Decorator responsible of trying to load response from cache and
if not execute function, write to cache and return response
"""
def get_key(*args, **kwargs):
# This implementation will be later explained...
def wrap(*args, **kwargs):
# Try to load reponse from cache
cache_key = get_key(*args, **kwargs)
response = cache.get(cache_key)
if response == None:
# Not matched in cache, execute function
response = f(*args, **kwargs)
# Write on cache
cache.set(cache_key, response, timeout)
return response
return wrap
A very simple wrapper to any function, it simply tries to fetch the result from cache, if not found runs the function and stores the result. Receives a optional parameter cache expire, defaulting to 300 seconds if not received. Now all I need to do is to implement that get_key in a way that it will generate unique per client keys.
On this particular case, I wish to cache two different types of requests. Note that at any point in the request handling, I always have a settings.CLIENT_ID, set on the upper stages in the middleware.
Note: depending on your configuration django.conf.settings is likely not multi thread safe, this is, if you are making changes there in runtime, such as CLIENT_ID, it may happen that two or more simultaneous threads will write and read in the same memory position, overwriting each others and raising serious issues.
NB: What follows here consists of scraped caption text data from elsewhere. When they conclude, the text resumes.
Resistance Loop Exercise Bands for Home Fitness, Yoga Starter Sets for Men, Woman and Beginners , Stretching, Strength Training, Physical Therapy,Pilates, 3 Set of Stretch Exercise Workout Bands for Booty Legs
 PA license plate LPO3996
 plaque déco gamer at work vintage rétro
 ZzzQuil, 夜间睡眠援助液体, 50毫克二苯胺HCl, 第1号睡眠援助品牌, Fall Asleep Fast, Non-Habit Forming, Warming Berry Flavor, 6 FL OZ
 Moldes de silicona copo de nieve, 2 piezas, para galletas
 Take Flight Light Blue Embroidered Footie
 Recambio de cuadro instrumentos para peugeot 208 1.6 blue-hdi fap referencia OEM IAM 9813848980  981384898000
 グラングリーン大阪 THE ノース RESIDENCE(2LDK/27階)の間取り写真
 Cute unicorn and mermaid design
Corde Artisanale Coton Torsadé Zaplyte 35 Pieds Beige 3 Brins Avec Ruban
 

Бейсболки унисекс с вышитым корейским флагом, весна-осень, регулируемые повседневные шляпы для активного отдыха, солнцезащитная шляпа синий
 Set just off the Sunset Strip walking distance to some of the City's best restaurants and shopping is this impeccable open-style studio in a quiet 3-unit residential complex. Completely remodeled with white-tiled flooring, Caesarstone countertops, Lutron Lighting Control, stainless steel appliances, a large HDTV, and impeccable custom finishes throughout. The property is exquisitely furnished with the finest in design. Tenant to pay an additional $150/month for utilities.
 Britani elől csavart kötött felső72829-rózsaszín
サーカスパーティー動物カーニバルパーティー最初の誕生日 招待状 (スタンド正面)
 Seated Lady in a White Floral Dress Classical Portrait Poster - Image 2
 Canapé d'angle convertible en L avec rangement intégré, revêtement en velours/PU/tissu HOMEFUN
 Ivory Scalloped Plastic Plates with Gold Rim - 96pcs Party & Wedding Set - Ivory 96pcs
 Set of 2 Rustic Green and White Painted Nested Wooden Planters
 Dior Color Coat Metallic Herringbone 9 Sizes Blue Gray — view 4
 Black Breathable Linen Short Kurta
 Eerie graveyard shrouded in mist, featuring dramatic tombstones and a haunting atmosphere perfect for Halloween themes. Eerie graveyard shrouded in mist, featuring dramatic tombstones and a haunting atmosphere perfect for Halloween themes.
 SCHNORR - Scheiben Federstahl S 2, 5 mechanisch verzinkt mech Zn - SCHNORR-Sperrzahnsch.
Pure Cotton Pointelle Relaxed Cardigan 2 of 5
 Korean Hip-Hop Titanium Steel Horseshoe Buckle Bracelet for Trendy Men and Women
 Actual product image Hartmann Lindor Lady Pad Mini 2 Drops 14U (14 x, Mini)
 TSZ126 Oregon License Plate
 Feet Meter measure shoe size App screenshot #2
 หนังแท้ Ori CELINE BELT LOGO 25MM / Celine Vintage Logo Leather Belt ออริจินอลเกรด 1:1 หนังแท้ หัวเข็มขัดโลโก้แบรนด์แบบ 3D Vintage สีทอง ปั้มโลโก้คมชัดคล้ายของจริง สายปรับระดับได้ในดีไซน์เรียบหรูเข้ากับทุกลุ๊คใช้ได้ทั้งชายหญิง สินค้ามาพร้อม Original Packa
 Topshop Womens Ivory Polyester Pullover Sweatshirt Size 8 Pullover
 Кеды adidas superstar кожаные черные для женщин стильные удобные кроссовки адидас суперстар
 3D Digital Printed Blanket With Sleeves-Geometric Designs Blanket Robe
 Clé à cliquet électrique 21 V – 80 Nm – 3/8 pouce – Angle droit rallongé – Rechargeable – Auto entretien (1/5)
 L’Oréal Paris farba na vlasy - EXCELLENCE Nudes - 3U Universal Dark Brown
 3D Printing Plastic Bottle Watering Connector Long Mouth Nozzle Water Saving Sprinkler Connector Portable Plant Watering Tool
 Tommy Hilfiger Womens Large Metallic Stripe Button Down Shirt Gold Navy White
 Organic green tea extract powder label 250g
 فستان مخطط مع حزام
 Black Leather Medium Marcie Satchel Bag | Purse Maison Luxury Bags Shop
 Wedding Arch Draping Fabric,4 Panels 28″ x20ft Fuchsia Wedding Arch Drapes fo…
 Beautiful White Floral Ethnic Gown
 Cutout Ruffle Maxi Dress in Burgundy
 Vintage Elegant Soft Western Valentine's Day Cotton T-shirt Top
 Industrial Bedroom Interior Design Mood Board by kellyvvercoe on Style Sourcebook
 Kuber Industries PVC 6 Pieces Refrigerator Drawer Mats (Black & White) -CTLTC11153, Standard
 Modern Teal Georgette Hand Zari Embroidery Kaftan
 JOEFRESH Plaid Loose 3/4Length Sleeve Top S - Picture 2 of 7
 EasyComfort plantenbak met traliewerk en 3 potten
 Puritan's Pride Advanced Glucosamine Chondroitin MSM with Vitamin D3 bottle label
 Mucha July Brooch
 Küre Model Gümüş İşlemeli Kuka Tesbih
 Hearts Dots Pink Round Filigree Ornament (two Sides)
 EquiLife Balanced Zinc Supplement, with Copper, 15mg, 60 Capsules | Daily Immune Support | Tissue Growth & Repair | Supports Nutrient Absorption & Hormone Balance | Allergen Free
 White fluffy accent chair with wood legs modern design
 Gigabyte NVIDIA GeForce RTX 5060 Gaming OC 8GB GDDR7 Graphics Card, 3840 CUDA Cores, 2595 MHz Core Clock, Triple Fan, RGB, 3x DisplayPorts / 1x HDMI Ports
Django advises against changing settings in run time, if you still need to do it, feel free to request assistance.
For my REST interface, that may have GET parameters, I used:
from django.utils.http import urlencode
from django.conf import settings
def get_key(*args, **kwargs):
"""
Given a API request returns a key to be used in the cache system
"""
request = args[1]
url = request.META['PATH_INFO']
params = urlencode(request.GET)
return 'webtv.%s.api?url=%s¶ms=%s' % (settings.CLIENT_ID, url, params)
So on this case I would get a “urlish” key, there is a prefix application name, a client identifier and the request details, that will do! I intentionally used request.GET and not request.META['QUERY_STRING'], this is so that I always get the ordered parameters, as the order they were written in the QUERY_STRING shouldn’t influence the result.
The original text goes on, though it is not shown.